***** Records for processing

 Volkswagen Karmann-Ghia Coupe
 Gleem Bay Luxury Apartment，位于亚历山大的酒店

**********
***** Records for processing

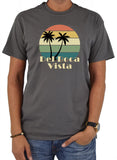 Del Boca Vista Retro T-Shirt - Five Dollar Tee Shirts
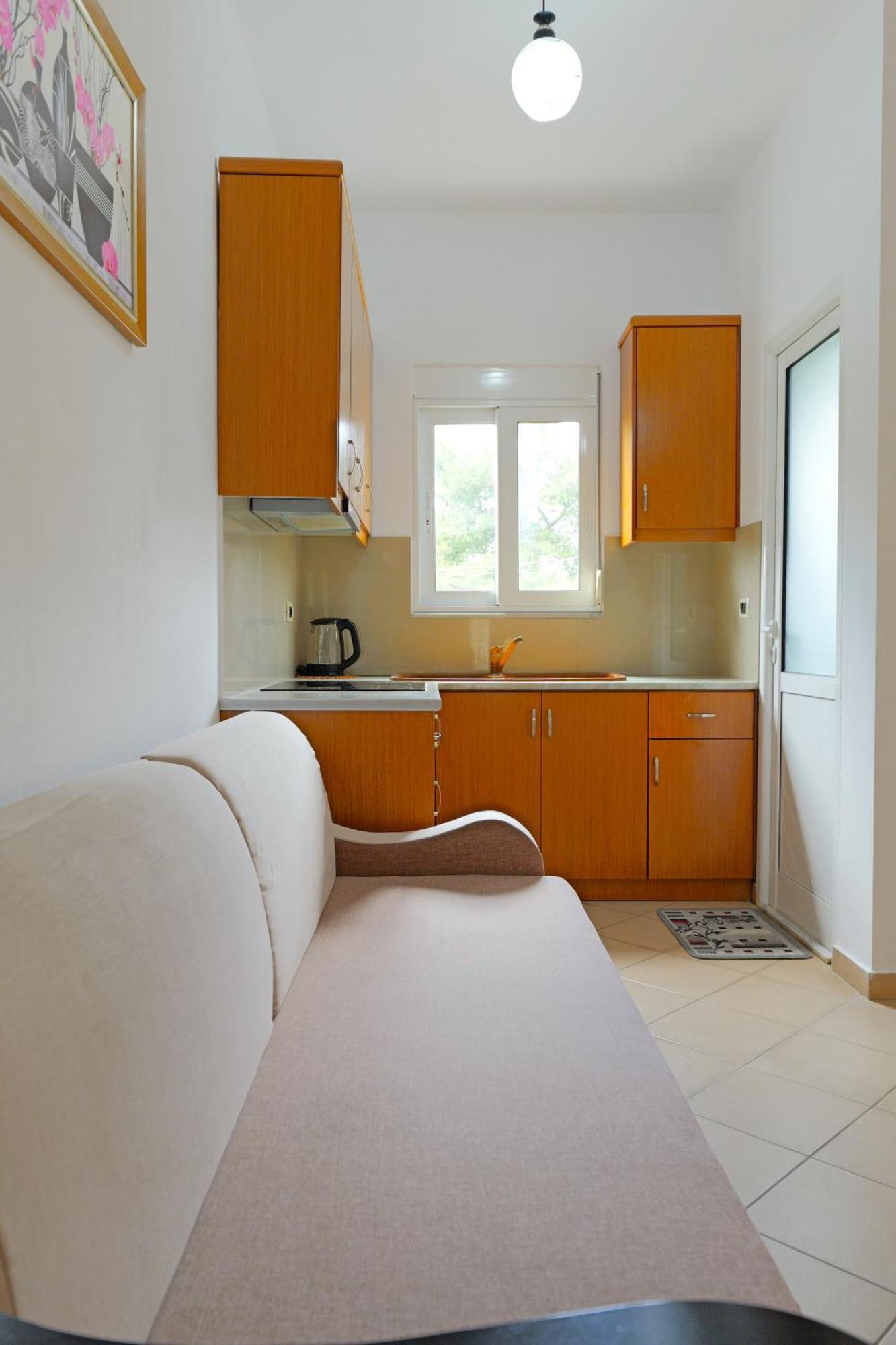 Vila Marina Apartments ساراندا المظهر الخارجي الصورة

**********
***** Records for processing

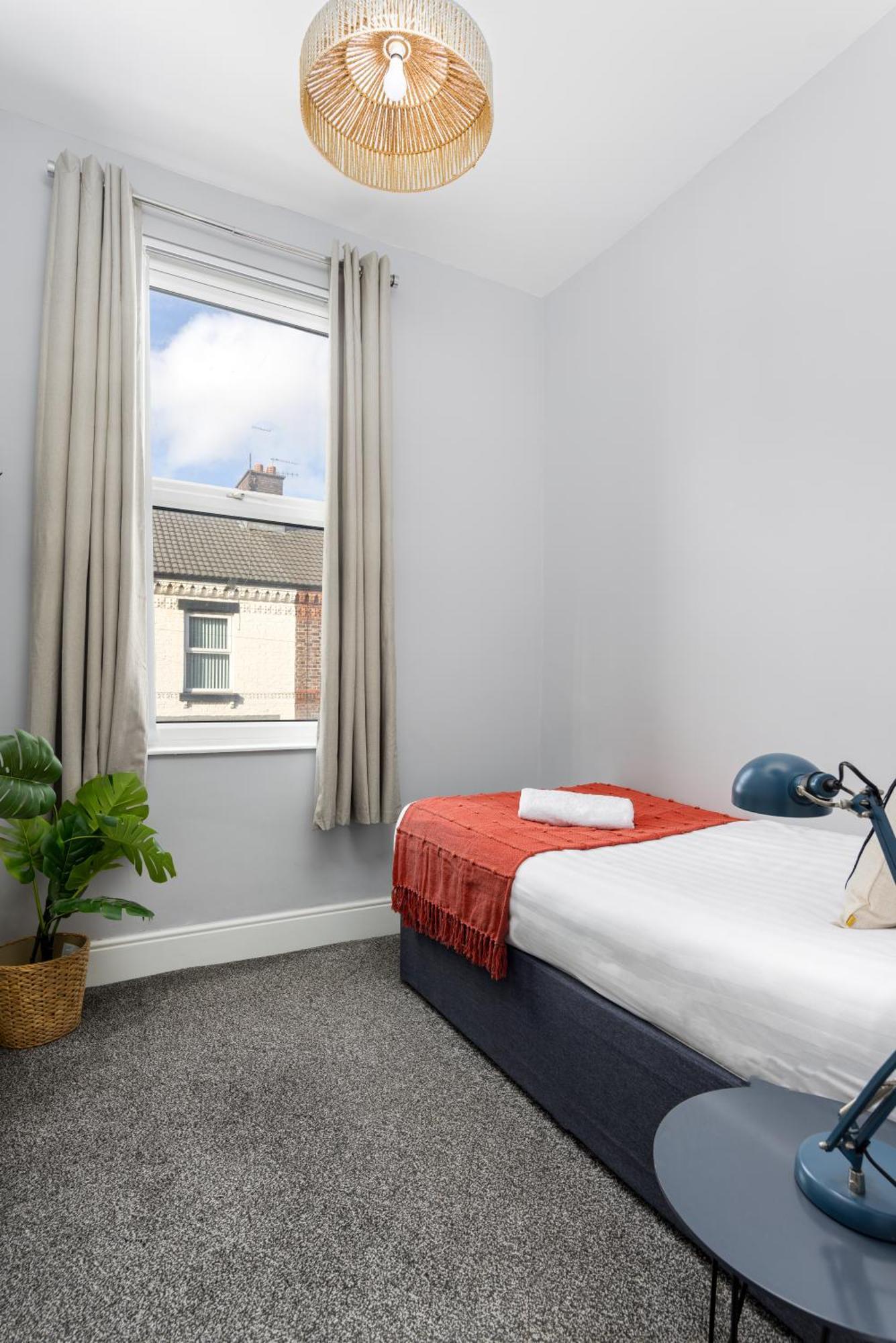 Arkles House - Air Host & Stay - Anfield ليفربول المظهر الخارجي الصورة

**********

> [Your goal]: Would you quote everything above from the line containing "Volkswagen Karmann-Ghia Coupe" down to the line containing "Gleem Bay Luxury Apartment，位于亚历山大的酒店"? Include both of those lines and nothing else.

> [The completed task]:
 Volkswagen Karmann-Ghia Coupe
 Gleem Bay Luxury Apartment，位于亚历山大的酒店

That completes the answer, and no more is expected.